Police are also investigating whether the couple was ambushed early considering that the bathroom at their camp had not been used, suggesting that the couple had only spent a short period of time in the area before their deaths.
Hill called his friends using his high-frequency radio on March 20, and police believed the couple may have been killed shortly after.
In what has become one of the most puzzling missing persons cases in Australian history, Stamper said he had doubled his investigation time.
The latest theory police follow is whether the pair were shot by deer hunters.

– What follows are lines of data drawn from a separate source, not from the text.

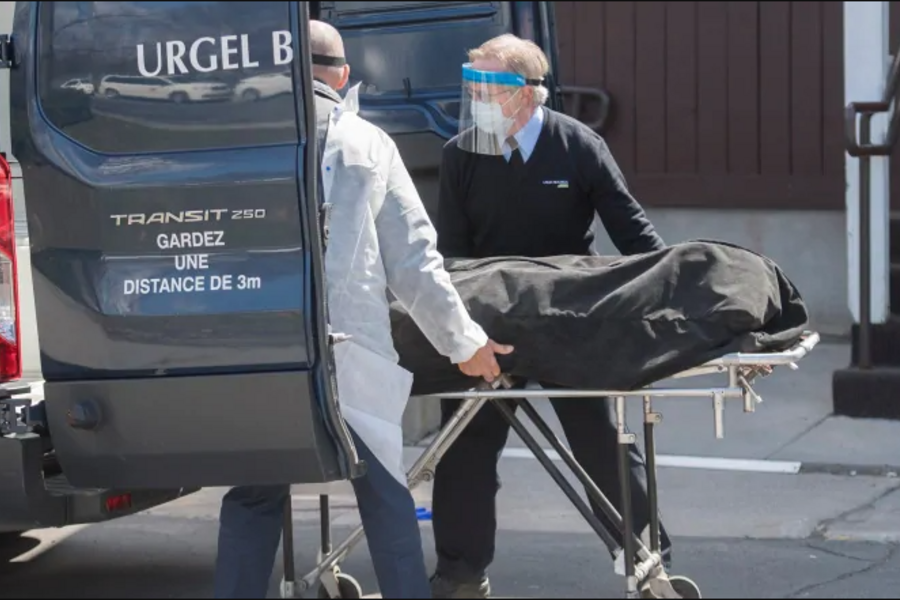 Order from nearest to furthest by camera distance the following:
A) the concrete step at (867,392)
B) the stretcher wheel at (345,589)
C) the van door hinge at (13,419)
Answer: the van door hinge at (13,419) < the stretcher wheel at (345,589) < the concrete step at (867,392)

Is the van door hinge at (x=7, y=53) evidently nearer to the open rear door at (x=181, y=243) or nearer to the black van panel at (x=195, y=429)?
the open rear door at (x=181, y=243)

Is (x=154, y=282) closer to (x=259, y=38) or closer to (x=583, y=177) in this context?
(x=259, y=38)

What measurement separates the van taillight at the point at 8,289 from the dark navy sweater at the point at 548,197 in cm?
143

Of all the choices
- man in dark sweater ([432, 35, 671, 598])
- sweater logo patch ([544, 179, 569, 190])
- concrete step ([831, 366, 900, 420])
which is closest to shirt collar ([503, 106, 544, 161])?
man in dark sweater ([432, 35, 671, 598])

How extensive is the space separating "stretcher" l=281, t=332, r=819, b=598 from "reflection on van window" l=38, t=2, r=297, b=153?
1.09 meters

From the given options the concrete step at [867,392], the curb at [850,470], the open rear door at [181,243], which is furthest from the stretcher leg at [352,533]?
the concrete step at [867,392]

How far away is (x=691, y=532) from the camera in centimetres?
610

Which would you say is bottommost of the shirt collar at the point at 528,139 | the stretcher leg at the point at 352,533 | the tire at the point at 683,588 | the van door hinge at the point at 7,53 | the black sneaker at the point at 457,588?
the black sneaker at the point at 457,588

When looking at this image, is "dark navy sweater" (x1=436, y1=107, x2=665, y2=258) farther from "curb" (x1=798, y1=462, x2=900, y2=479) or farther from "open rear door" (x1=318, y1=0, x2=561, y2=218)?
"curb" (x1=798, y1=462, x2=900, y2=479)

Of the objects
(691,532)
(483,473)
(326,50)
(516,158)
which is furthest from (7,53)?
(691,532)

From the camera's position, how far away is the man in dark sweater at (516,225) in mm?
5133

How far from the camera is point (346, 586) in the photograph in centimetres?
527

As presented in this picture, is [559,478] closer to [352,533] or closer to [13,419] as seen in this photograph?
[352,533]

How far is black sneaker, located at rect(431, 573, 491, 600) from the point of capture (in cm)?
527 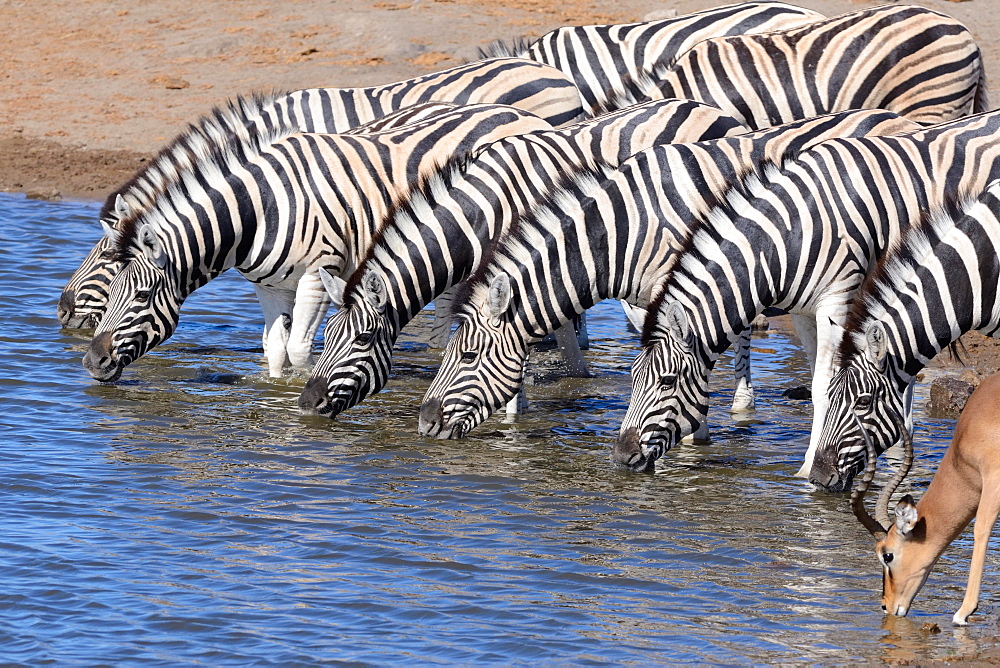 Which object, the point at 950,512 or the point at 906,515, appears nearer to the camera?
the point at 906,515

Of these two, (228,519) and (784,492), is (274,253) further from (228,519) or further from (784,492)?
(784,492)

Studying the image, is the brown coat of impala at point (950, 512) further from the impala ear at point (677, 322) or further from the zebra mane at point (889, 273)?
the impala ear at point (677, 322)

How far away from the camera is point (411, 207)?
1084cm

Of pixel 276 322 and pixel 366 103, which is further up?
pixel 366 103

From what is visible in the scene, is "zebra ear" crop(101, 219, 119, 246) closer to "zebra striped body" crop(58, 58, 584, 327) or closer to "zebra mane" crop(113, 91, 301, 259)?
"zebra mane" crop(113, 91, 301, 259)

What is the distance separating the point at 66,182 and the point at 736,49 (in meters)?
9.29

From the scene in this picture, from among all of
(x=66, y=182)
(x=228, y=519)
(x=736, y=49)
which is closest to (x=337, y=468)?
(x=228, y=519)

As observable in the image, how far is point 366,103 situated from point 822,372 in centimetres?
568

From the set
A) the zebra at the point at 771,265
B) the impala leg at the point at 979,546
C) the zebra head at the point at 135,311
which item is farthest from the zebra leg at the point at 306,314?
the impala leg at the point at 979,546

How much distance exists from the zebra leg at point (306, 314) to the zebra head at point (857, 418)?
13.1 ft

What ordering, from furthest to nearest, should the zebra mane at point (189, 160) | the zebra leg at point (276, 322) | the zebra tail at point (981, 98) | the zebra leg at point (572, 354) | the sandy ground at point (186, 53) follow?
the sandy ground at point (186, 53) → the zebra tail at point (981, 98) → the zebra leg at point (572, 354) → the zebra leg at point (276, 322) → the zebra mane at point (189, 160)

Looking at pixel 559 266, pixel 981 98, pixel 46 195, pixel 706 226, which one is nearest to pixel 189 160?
pixel 559 266

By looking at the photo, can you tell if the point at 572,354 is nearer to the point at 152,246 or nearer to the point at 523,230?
the point at 523,230

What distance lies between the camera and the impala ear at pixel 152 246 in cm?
1112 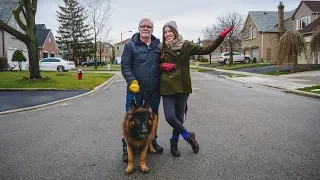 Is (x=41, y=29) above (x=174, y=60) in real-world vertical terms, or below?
above

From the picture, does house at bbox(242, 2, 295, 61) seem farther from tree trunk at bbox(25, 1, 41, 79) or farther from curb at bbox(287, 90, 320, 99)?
tree trunk at bbox(25, 1, 41, 79)

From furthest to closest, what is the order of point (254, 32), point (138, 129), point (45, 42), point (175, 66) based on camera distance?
point (254, 32) < point (45, 42) < point (175, 66) < point (138, 129)

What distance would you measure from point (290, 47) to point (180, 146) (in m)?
25.8

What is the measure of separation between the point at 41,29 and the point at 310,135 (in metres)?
52.8

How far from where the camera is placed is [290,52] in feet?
93.5

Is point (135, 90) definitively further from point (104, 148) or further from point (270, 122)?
point (270, 122)

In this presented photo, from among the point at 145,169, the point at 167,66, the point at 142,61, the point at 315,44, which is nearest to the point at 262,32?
the point at 315,44

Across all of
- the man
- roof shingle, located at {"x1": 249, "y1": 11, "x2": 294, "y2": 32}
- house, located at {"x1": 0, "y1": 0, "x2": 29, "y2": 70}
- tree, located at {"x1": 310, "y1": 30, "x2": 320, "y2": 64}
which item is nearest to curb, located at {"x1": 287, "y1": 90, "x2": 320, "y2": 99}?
the man

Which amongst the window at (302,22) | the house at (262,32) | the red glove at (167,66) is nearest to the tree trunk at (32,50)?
the red glove at (167,66)

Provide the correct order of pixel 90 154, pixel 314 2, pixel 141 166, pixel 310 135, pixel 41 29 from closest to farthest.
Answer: pixel 141 166
pixel 90 154
pixel 310 135
pixel 314 2
pixel 41 29

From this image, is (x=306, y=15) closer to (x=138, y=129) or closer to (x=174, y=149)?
(x=174, y=149)

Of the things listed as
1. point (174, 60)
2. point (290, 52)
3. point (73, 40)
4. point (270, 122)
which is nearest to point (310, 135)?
point (270, 122)

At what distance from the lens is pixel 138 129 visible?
156 inches

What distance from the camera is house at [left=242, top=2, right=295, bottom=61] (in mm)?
50188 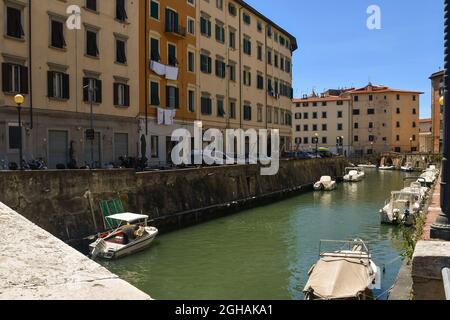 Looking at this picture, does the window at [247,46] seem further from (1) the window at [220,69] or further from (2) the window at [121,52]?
(2) the window at [121,52]

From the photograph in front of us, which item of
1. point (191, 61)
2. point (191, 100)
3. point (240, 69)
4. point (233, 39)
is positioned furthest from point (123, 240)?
point (233, 39)

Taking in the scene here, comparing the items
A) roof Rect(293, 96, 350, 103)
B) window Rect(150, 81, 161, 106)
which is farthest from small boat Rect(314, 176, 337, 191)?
roof Rect(293, 96, 350, 103)

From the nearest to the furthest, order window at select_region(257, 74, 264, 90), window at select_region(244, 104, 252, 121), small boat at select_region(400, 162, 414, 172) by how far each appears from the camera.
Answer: window at select_region(244, 104, 252, 121) → window at select_region(257, 74, 264, 90) → small boat at select_region(400, 162, 414, 172)

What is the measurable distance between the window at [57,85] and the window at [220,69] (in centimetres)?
1961

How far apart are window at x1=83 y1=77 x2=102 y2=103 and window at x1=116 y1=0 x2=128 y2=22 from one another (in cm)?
531

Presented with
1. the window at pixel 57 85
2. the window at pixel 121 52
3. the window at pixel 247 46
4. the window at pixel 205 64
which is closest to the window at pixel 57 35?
the window at pixel 57 85

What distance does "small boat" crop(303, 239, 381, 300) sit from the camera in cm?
1312

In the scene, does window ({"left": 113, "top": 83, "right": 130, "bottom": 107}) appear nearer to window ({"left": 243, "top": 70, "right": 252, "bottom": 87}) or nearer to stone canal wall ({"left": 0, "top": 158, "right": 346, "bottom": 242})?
stone canal wall ({"left": 0, "top": 158, "right": 346, "bottom": 242})

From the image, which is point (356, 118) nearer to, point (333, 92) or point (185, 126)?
point (333, 92)

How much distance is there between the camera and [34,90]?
91.4 ft

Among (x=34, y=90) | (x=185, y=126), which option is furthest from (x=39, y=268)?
(x=185, y=126)

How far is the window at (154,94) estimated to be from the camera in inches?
1483

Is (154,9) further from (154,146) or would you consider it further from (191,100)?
(154,146)

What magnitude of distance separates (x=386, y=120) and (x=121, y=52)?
286 ft
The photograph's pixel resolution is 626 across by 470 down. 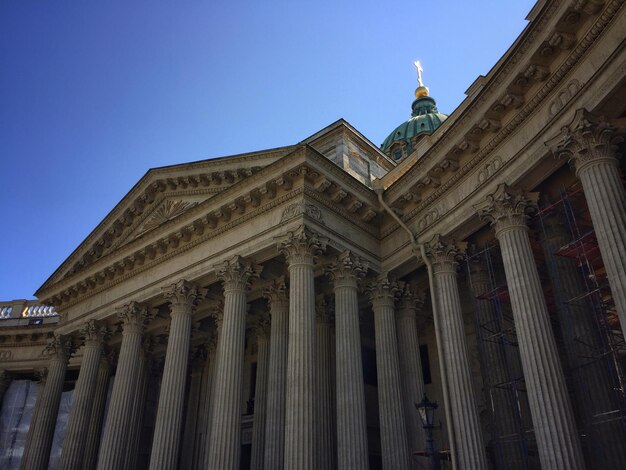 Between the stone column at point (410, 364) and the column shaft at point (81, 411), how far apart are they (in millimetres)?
12312

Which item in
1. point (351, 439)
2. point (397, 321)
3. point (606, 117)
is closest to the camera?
point (606, 117)

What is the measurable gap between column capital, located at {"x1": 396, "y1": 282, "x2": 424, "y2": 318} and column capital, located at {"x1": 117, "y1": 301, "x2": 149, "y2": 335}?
9647 millimetres

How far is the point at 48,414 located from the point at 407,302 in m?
15.7

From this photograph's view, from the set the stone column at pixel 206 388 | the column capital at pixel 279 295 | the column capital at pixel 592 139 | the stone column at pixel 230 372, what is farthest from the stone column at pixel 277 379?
the column capital at pixel 592 139

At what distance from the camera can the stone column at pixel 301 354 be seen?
13.3 m

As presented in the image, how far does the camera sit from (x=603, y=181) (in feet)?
35.3

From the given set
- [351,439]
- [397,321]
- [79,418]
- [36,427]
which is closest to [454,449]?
[351,439]

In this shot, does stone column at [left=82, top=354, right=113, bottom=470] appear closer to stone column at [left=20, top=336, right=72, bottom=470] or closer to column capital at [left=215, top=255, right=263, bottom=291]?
stone column at [left=20, top=336, right=72, bottom=470]

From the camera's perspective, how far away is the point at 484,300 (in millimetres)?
15836

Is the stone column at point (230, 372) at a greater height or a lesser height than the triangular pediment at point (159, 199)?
lesser

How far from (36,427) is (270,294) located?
1227 centimetres

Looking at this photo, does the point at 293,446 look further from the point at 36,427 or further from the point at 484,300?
the point at 36,427

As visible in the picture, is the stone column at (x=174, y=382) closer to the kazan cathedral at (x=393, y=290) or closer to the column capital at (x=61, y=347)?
the kazan cathedral at (x=393, y=290)

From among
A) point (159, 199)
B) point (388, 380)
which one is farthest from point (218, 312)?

Police have speculated whether the couple witnessed something they were not supposed to have done, perhaps illegal hunting, and tragically paid for it with their lives.
Hill’s $ 2,000 drone, which he used regularly while camping, is still missing, and police question whether the high-tech device inadvertently filmed something illegal.
“There are a number of scenarios that we are looking at,” he said, referring to the pair having an encounter with the hunters.
“Certainly that’s one we can’t eliminate. I’m not married to any specific scenario.”
Police had hoped they stumbled upon a breakthrough in the case last week when a drone similar to Hill’s was found in the valley and turned over to officers in East Gippsland, but the drone did not match.
Hill, 74, and Clay, 73, had been in a relationship for years when they set out on their camping trip to the scenic valley.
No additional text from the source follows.